以週邊血液血管內皮前驅幹細胞治療慢性腎臟衰竭的大白鼠動物模型
吳彥廷1 陳彥達1 葉漢根2 黃田宏3
高雄長庚紀念醫院泌尿科1,心臟內科2,轉譯中心3
Peripheral blood-derived endothelial progenitor
cell therapy prevented deterioration of
chronic kidney disease in rats
Yen-Ting Wu, M.D.1, Yen-Ta Chen, M.D1. , Hon-Kan Yip2, Tien-Hung Huang3
Kay L.H. Wu, Ph.D.3, Julie Y.H. Chan. Ph.D.3*
Kaohsiung Chang Gung Memorial Hospital and Chang Gung University College of Medicine, Division of Urology1, Department of Cardiology2,
Institute for Translational Research in Biomedicine3
Purpose: This study tested the hypothesis that peripheral blood-derived endothelial progenitor cell
(PBDEPC) therapy can impede the deterioration of chronic kidney disease (CKD) induced by 5/6 nephrectomy in rats.

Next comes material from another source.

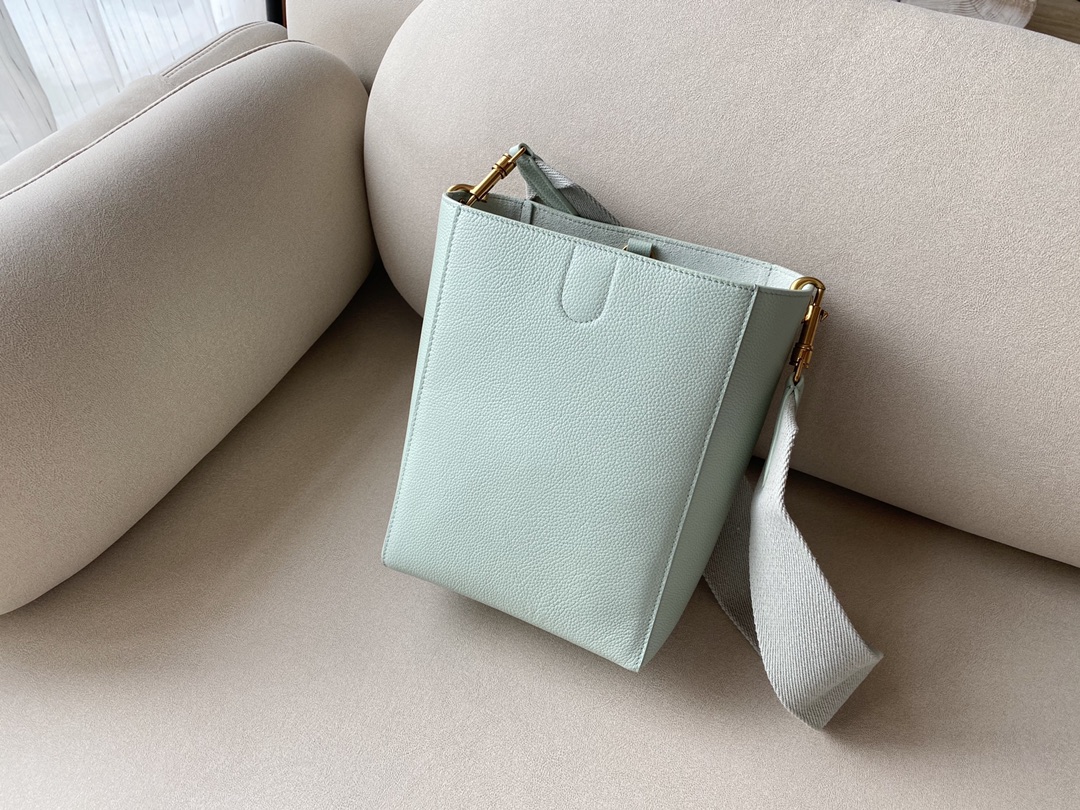 𝐂𝐞𝐥𝐢𝐧𝐞 SANGLE BUCKET Small wide striped fabric bucket bag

Materials and Methods: Adult-male rats (n = 30) were equally categorized into group 1 (sham control), group 2 (CKD only) and group 3 [CKD + PBDEPC (left intra-arterial (3.3 × 105) and penile vein (6.7 × 105) injections by day 14 after CKD induction].
Results: By day 60, kidney blood flow (KBF) was significantly lower in group 2 than that in groups 1 and 3, and significantly lower in group 3 than that in group 1, whereas the levels of serum creatinine, and kidney injury score and size showed an opposite pattern compared to that of KBF among all groups (all p < 0.001). Protein expressions of apoptotic (caspase 3, PARP), inflammatory (TNF-α, MMP-9), oxidative-stress (oxidized protein, NOX-1), fibrotic (Smad3, TGF-β), and hypoxic/ischemic cell-stress (HIF-1α, p-Akt) biomarkers showed an opposite pattern,
whereas angiogenesis at protein (eNOS, CD31) and cellular (CD31+, CXCR4+) levels showed an identical pattern compared to that of blood flow in all groups (all p < 0.01). Other pro-angiogenic biomarkers (SDF-1α, CXCR4, VEGF) at protein and cellular levels and antioxidants (HO-1+, NQO 1, GR+) at cellular level showed progressive significant increase from groups 1 to 3 (all p < 0.001).
Conclusions: The results support that PBDEPC therapy effectively inhibits
the propagation of CKD and the deterioration of renal function through enhancement of angiogenesis, blood flow, and anti-oxidative capacity as well as suppression of inflammation, oxidative stress, apoptosis, and fibrosis in a rodent model.